= Your assignment =
Go through the records, and copy each line in which the string "Verse" is present.

= Exercise material =
----

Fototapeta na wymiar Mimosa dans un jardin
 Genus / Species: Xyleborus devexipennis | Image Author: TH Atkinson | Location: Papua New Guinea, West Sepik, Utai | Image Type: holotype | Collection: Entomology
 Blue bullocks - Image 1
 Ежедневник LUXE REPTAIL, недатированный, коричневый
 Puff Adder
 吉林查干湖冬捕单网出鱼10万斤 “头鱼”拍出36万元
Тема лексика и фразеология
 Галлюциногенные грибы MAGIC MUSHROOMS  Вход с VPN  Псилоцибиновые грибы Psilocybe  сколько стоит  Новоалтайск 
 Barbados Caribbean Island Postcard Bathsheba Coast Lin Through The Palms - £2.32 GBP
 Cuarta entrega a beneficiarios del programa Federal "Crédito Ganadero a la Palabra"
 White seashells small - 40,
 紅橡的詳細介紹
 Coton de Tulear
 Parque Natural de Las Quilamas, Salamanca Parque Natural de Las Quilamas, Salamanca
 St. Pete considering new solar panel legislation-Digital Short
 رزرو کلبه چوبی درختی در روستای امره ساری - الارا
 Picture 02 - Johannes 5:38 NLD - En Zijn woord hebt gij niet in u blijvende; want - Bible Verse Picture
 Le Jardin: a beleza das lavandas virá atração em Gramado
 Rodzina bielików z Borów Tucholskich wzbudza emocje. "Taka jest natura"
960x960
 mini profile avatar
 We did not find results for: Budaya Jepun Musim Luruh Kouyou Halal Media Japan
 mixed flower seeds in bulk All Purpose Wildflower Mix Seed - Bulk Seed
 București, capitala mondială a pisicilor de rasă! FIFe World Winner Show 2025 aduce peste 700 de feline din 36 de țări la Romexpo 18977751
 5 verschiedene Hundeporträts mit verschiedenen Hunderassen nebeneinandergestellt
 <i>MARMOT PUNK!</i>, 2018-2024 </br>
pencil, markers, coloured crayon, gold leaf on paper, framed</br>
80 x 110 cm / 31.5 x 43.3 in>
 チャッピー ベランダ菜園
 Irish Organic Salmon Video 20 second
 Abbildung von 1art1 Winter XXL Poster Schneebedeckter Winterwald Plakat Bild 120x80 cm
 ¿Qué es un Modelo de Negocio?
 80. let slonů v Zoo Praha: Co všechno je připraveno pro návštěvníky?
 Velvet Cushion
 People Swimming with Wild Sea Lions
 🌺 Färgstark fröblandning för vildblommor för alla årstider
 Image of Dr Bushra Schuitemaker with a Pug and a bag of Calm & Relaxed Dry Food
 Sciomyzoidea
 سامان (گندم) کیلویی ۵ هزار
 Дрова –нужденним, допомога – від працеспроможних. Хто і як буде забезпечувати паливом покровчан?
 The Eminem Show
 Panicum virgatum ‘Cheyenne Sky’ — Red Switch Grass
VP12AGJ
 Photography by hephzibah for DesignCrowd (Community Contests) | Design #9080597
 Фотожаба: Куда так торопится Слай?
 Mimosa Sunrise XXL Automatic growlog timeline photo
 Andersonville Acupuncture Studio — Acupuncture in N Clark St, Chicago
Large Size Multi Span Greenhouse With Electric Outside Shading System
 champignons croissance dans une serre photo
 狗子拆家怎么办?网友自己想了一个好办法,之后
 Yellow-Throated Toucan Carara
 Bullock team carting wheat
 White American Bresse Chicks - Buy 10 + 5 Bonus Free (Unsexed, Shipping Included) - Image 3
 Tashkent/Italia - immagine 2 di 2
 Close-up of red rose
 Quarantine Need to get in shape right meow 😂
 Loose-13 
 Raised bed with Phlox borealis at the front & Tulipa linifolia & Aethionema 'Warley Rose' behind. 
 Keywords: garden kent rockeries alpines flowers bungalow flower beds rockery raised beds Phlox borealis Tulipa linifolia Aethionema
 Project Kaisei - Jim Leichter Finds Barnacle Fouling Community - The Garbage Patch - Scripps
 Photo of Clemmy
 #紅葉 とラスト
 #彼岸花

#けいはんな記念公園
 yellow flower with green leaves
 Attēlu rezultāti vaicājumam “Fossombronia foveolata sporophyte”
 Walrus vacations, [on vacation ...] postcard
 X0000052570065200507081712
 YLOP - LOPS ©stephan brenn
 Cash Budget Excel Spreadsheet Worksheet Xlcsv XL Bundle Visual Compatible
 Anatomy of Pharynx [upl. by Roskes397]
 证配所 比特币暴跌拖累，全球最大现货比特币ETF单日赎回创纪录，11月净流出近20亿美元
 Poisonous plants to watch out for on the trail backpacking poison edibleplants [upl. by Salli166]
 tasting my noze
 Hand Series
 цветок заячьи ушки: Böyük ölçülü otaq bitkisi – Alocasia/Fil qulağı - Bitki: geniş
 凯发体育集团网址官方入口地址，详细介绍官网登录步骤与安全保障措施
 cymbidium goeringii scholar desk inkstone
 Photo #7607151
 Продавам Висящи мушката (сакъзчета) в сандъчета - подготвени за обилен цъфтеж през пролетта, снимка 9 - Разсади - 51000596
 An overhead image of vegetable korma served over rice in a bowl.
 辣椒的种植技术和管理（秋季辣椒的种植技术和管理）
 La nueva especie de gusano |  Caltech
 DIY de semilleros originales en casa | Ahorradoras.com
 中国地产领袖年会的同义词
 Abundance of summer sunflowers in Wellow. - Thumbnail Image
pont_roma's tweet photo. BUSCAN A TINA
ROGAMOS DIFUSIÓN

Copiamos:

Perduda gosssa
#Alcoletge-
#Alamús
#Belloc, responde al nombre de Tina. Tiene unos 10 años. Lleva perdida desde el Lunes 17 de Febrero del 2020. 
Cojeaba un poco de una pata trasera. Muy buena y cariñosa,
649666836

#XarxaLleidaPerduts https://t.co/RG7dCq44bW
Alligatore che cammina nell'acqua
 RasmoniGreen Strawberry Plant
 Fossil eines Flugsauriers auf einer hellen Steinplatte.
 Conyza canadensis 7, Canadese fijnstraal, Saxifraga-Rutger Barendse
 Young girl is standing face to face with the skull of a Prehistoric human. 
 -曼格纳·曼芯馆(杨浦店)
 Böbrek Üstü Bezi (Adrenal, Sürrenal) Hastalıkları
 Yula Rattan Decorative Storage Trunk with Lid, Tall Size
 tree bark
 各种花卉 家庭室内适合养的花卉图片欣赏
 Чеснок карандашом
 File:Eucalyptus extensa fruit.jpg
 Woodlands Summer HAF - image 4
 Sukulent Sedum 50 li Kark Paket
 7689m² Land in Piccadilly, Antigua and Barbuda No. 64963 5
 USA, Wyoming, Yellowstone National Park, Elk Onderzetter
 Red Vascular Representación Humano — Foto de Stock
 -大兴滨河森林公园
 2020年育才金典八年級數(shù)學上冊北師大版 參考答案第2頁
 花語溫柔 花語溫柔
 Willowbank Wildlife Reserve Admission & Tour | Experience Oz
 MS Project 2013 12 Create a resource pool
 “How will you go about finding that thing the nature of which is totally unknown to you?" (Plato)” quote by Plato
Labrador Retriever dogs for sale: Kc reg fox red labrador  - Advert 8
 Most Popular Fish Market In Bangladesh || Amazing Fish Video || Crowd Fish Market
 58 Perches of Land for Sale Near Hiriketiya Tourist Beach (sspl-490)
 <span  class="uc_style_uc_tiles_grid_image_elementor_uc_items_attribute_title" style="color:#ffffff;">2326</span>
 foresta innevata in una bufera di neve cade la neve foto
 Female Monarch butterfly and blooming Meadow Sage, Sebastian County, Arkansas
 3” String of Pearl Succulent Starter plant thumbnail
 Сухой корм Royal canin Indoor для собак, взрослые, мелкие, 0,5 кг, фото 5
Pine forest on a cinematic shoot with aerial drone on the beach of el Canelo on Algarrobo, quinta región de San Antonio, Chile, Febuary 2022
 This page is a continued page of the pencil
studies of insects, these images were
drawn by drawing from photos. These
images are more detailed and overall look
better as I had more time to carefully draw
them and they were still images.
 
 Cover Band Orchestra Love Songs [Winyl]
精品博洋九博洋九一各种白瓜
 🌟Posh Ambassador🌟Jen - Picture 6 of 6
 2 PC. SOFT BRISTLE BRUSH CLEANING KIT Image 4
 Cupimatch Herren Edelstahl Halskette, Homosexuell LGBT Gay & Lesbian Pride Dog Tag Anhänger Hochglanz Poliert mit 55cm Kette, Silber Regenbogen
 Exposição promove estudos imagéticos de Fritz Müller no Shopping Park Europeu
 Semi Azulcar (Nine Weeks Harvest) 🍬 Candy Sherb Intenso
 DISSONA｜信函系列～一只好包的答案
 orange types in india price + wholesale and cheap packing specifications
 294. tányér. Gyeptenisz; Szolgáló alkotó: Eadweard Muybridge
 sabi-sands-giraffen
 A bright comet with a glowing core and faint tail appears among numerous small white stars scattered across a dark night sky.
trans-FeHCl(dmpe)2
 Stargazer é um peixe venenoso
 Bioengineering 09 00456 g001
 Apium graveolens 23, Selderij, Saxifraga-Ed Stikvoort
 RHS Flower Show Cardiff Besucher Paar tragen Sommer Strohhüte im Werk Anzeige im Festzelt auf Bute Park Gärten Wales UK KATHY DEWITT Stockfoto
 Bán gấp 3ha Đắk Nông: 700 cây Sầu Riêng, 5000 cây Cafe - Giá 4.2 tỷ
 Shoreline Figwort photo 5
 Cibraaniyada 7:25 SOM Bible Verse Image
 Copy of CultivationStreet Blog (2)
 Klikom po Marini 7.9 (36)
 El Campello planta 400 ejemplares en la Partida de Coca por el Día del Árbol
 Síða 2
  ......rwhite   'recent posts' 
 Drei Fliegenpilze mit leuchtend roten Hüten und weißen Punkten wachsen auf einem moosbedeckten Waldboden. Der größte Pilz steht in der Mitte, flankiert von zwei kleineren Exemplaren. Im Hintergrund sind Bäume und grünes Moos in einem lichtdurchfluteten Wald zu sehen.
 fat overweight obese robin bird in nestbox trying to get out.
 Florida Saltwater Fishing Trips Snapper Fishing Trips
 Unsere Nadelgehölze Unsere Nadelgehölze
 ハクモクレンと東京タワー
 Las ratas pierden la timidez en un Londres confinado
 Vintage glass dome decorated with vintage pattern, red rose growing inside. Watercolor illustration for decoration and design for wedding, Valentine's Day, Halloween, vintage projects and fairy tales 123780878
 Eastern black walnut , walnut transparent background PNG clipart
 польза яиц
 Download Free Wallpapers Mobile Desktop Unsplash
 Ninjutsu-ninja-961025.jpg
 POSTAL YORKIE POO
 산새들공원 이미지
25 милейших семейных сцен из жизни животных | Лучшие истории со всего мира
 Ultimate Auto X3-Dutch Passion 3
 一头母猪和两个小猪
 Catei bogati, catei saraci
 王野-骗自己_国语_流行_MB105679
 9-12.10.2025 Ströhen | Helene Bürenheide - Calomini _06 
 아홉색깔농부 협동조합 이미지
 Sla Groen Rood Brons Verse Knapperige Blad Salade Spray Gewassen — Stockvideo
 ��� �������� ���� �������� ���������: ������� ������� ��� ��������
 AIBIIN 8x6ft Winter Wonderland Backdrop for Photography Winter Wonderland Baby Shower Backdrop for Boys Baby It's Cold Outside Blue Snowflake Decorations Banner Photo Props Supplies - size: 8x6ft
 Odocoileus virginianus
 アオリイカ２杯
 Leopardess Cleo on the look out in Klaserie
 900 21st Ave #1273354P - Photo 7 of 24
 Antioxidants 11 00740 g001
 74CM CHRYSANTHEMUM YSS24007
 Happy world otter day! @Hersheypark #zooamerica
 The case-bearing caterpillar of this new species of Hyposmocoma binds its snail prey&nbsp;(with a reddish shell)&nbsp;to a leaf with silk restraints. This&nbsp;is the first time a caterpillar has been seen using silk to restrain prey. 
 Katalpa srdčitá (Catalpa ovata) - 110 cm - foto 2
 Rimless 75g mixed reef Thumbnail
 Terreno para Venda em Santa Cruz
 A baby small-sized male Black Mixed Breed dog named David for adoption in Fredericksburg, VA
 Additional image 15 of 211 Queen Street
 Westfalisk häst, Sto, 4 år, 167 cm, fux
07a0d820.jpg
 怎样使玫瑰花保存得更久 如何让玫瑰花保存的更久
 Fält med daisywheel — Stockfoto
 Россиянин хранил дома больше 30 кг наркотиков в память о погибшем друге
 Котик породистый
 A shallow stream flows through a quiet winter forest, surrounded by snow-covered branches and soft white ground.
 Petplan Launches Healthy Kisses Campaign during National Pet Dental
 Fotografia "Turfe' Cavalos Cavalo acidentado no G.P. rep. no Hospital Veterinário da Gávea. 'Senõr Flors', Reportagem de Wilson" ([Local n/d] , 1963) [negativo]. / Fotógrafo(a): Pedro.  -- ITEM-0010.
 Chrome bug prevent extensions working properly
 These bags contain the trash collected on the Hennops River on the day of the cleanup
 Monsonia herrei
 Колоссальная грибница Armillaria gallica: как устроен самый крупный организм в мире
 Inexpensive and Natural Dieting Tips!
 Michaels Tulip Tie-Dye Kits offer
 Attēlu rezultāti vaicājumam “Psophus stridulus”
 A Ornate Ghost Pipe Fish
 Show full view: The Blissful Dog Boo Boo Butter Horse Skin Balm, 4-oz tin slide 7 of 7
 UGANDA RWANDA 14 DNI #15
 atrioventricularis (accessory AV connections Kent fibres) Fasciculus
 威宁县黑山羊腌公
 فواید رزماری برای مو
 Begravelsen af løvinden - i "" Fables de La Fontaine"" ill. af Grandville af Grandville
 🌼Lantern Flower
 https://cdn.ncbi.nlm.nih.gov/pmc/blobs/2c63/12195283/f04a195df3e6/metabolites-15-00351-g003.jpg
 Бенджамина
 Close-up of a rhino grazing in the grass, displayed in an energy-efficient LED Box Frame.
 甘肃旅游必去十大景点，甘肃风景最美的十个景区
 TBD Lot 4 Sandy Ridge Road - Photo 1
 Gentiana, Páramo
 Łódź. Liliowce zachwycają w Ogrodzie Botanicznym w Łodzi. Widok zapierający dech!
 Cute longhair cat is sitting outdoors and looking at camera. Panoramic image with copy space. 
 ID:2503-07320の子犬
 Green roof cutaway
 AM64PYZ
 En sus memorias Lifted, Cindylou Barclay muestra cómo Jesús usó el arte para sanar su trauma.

----

= Exercise output =
 Picture 02 - Johannes 5:38 NLD - En Zijn woord hebt gij niet in u blijvende; want - Bible Verse Picture
 Cibraaniyada 7:25 SOM Bible Verse Image
 Sla Groen Rood Brons Verse Knapperige Blad Salade Spray Gewassen — Stockvideo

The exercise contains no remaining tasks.